Could you try downgrading to pve-qemu-kvm=6.2.0-3, shutdown+start the VM (creating a clone for testing might be a good idea) and see if the issue persists? If it does, could you try downgrading further to pve-qemu-kvm=6.1.1-2?

Dark26 · May 3, 2022

Fabian_E said:
Could you try downgrading to pve-qemu-kvm=6.2.0-3, shutdown+start the VM (creating a clone for testing might be a good idea) and see if the issue persists? If it does, could you try downgrading further to pve-qemu-kvm=6.1.1-2?

I have a similar problem on my workstation ( promox inside too ) who is using the same glusterfs storage; Ramdomly, the vm crash, perhaps on high write disk activity, ( it dit when i was updating the kernel ).

To be sure that it's a storage problem have move the disk to local SSD .


create full clone of drive scsi0 (SSDinterne:110/vm-110-disk-0.qcow2)
Formatting '/Data/images/110/vm-110-disk-0.qcow2', fmt=qcow2 cluster_size=65536 extended_l2=off preallocation=metadata compression_type=zlib size=15032385536 lazy_refcounts=off refcount_bits=16
drive mirror is starting for drive-scsi0
drive-scsi0: transferred 773.8 MiB of 14.0 GiB (5.40%) in 1s
drive-scsi0: transferred 1.0 GiB of 14.0 GiB (7.35%) in 2s


drive-scsi0: transferred 14.1 GiB of 14.1 GiB (100.00%) in 7m 48s
drive-scsi0: transferred 14.1 GiB of 14.1 GiB (100.00%) in 7m 49s, ready
all 'mirror' jobs are ready
drive-scsi0: Completing block job_id...
drive-scsi0: Completed successfully.
drive-scsi0: mirror-job finished
TASK OK

If a i have no problem during a moment , it will be a storage problem

For the downgrade of qemu/ it will be difficult a this time because the VM ( 170 ) is my TGT serveur for my boot on san Workstation.

I did a manual copy of the disk of vm 170 to the glusterfs storage and modify the conf file of the vm.

Wait and see . Perhaps an upgrade of glusterfs ( the version provide 9.2 is outdated

Dark26 · May 3, 2022

it's look like this problem :

https://github.com/qemu/qemu/commit/a6b257a08e3d72219f03e461a52152672fec0612

fiona · May 4, 2022

We were able to reproduce the issue now (thanks to @mira) and it seems to be a regression between our QEMU 6.1.1 and 6.2.0 packages. The commit you mentioned is included in both, could you explain how you found it/why you think it's relevant?

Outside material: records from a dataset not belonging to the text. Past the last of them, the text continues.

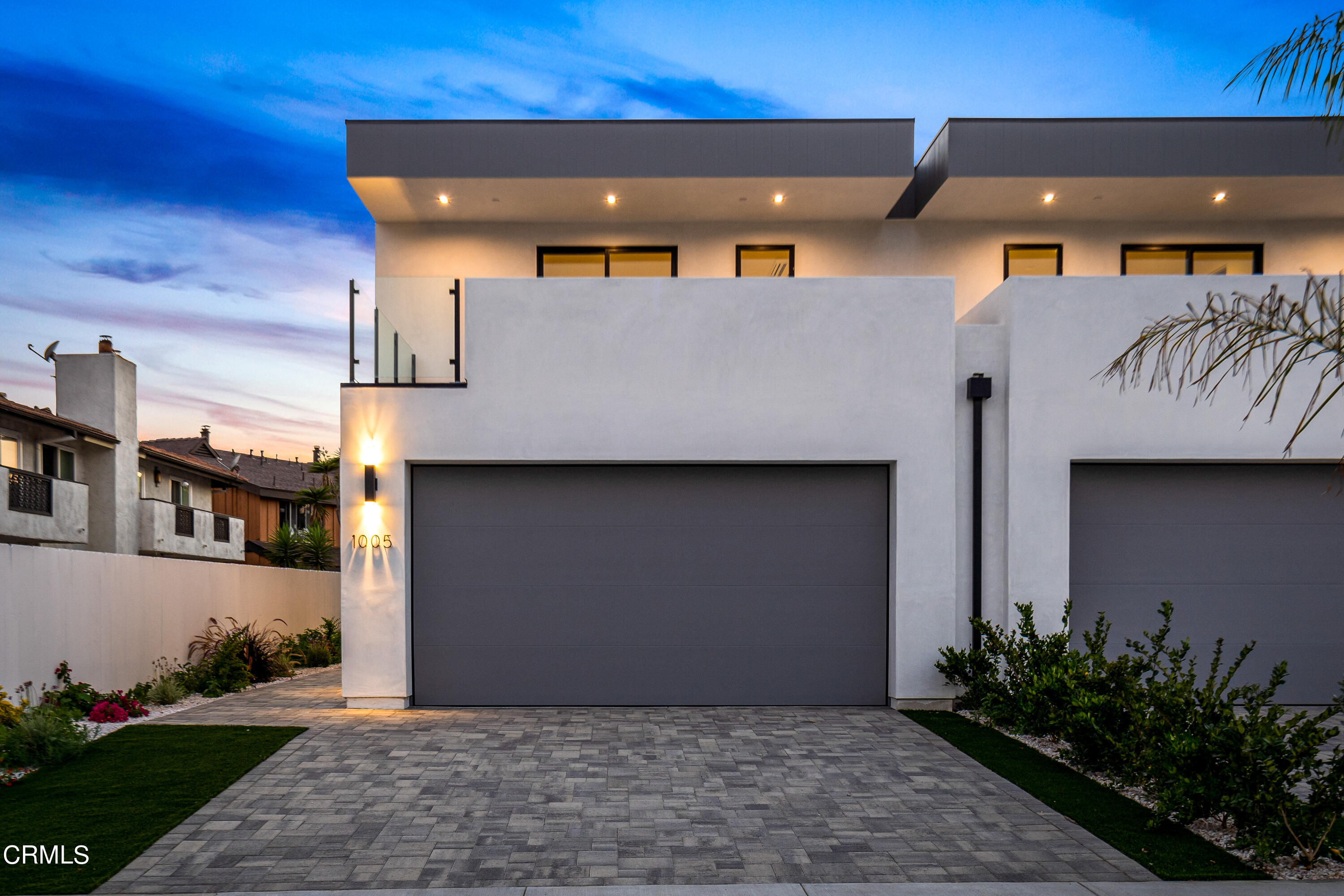 1005 Catamaran Street Oxnard, CA 93035 - Photo 5 of 35 a front view of a house with a yard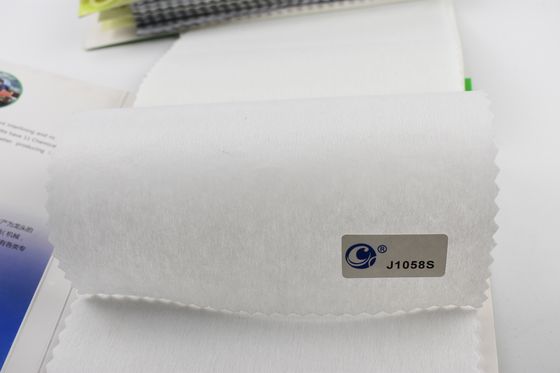Tecido não tecido de 100% poliéster de bordados suaves para vestuário com interface de fusão
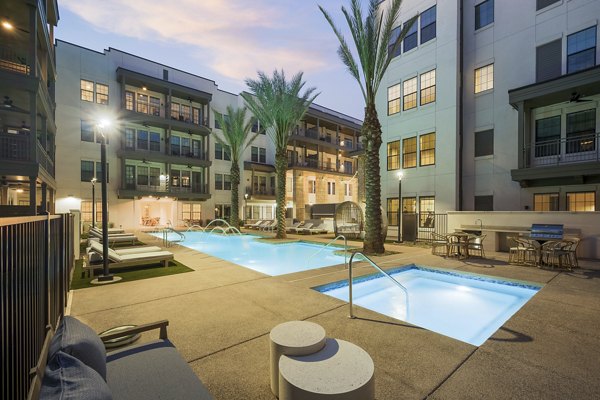 Relaxing hot tub at The Alyssa Apartments offering a luxurious amenity in a serene environment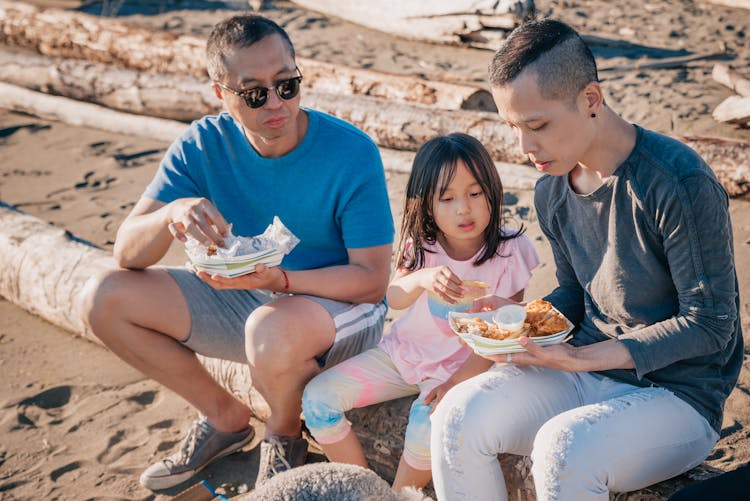 Family Sitting On A Log While Eating Snacks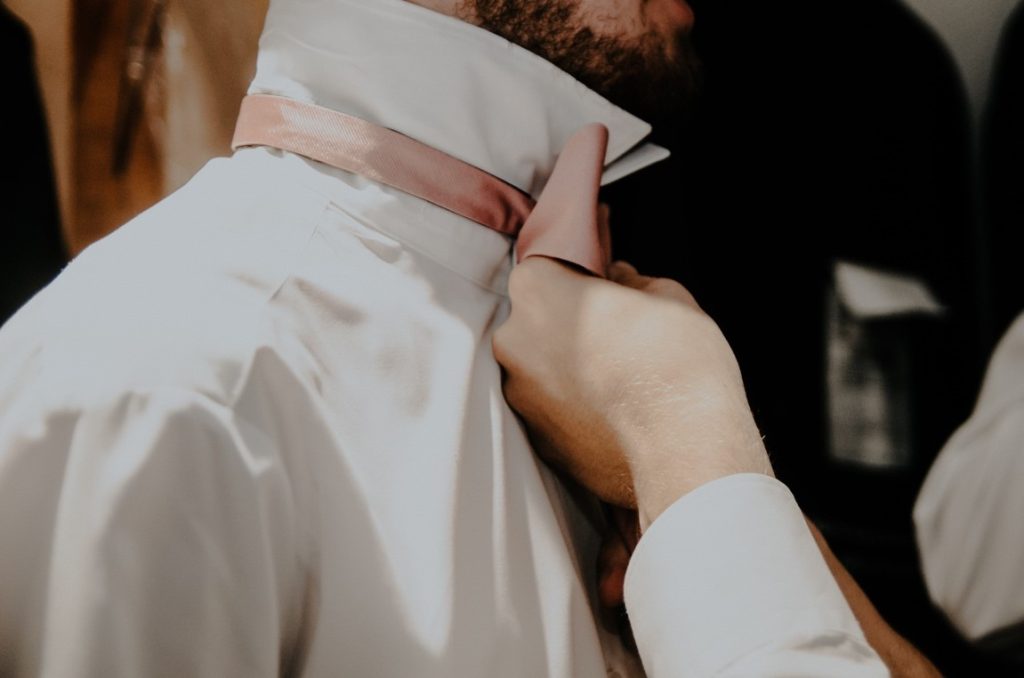 person's hand fixing a man's tie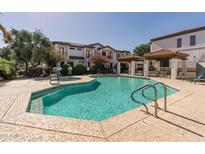 Community pool with hot tub and covered seating area, perfect for relaxing and enjoying the outdoors at 3150 E Beardsley Rd # 1023, Phoenix, AZ 85050
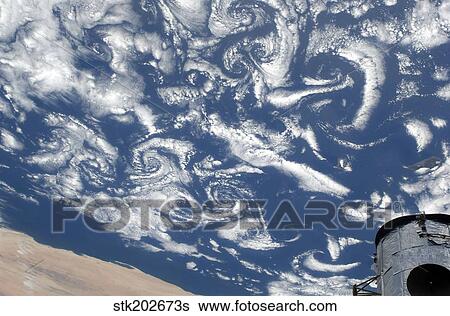 Cloud vortex streets off the coast of northwestern Africa. View Large Photo Image Stock Photograph - Cloud vortex streets off the coast of northwestern Africa.. Fotosearch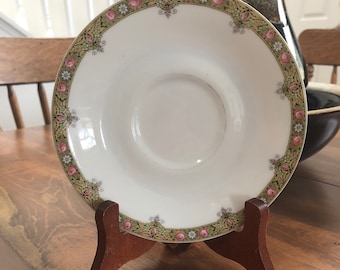 May include: A white saucer with a decorative floral border featuring pink roses and green foliage. The saucer is displayed on a small wooden stand, showcasing its design. The saucer is a vintage piece.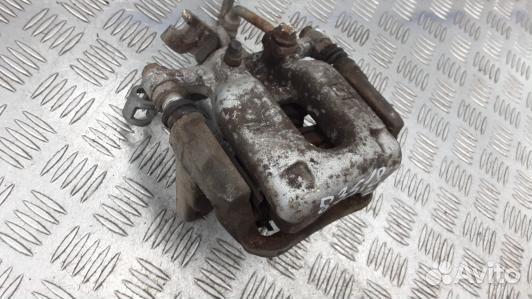 Суппорт тормозной задний левый opel astra K (83S18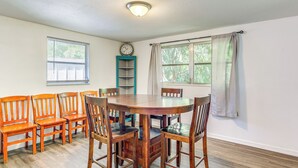 A dining area with a wooden table and chairs, a clock on the wall, and windows with curtains.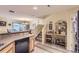 Open-concept kitchen flowing into the dining area with a staircase nearby at 12835 Mayfair Way # C, Englewood, CO 80112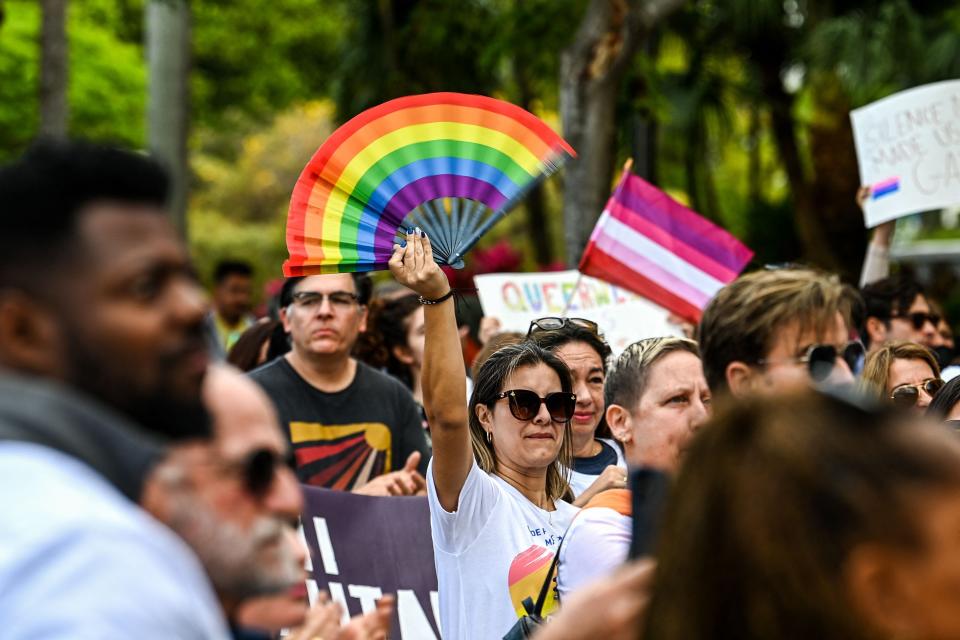 Members and supporters of the LGBTQ community attend the “Say Gay Anyway” rally in Miami Beach, Fla., on March 13, 2022, after Florida's Legislature passed a controversial bill that will limit classroom discussion about sexual orientation and gender identity. Critics complain the bill, which they’ve dubbed “Don’t Say Gay” will hurt LGBTQ teachers and students.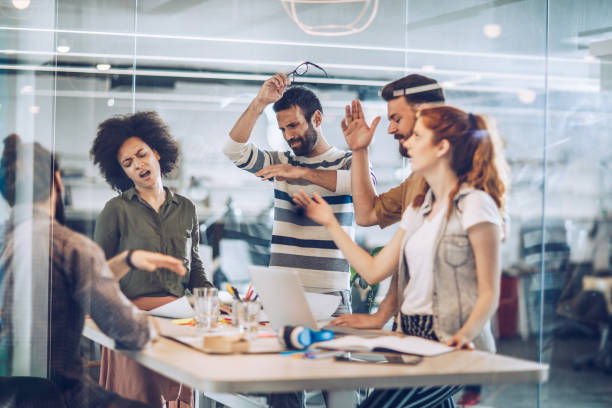 istock Group of frustrated freelance workers having problems in the office. 1125855089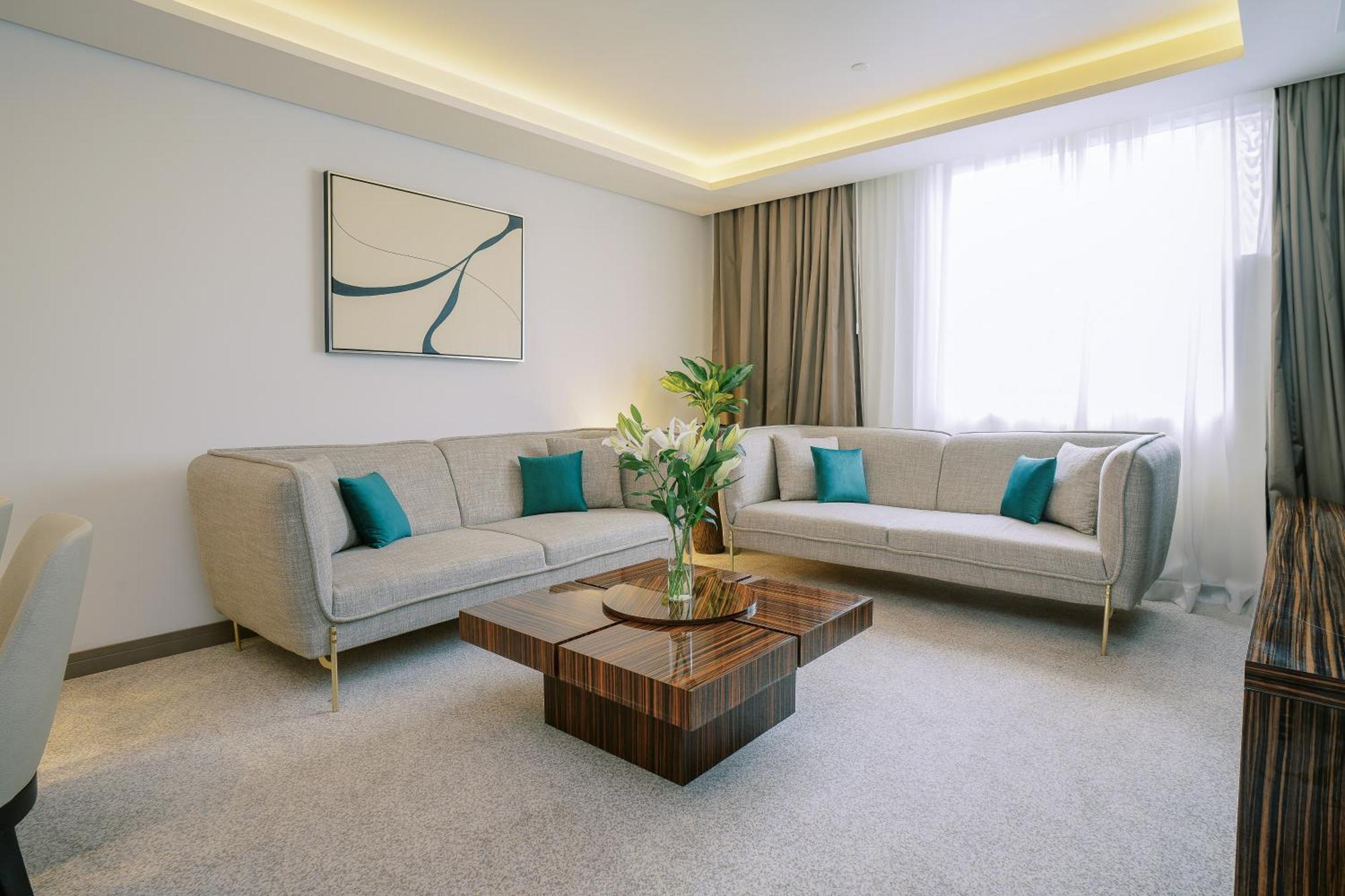 Khalidia Palace Hotel Dubai By Mourouj Gloria Екстериор снимка A living room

EDIT: Forgot to add that our reproducer uses SSD emulation and discard set on the VM disk. Do you have that as well (disabling it might be a workaround then)?

Dark26 · May 4, 2022

i have :
cache : write back
discard : yes
but ssd emulation : no.

i believe qemu-img create a sparse file ( qcow2 ) with size=0 on the new storage ( glusterfs in our case ), when the migration start, the program try to recreate the structure ih the filesystem in the qcow2 file, there is a problem of alignement because it can't detect the structure inside the file because the qcow2 is zero, and the glusterfsserver doen't return the right infiormation.

i hope i was clear.

perhaps with raw drive there not this problem.

Dark26

fiona · May 5, 2022

Disabling discard should work around the issue until the fix is out. I sent a patch.

Dark26 · May 6, 2022

Fabian_E said:
Disabling discard should work around the issue until the fix is out. I sent a patch.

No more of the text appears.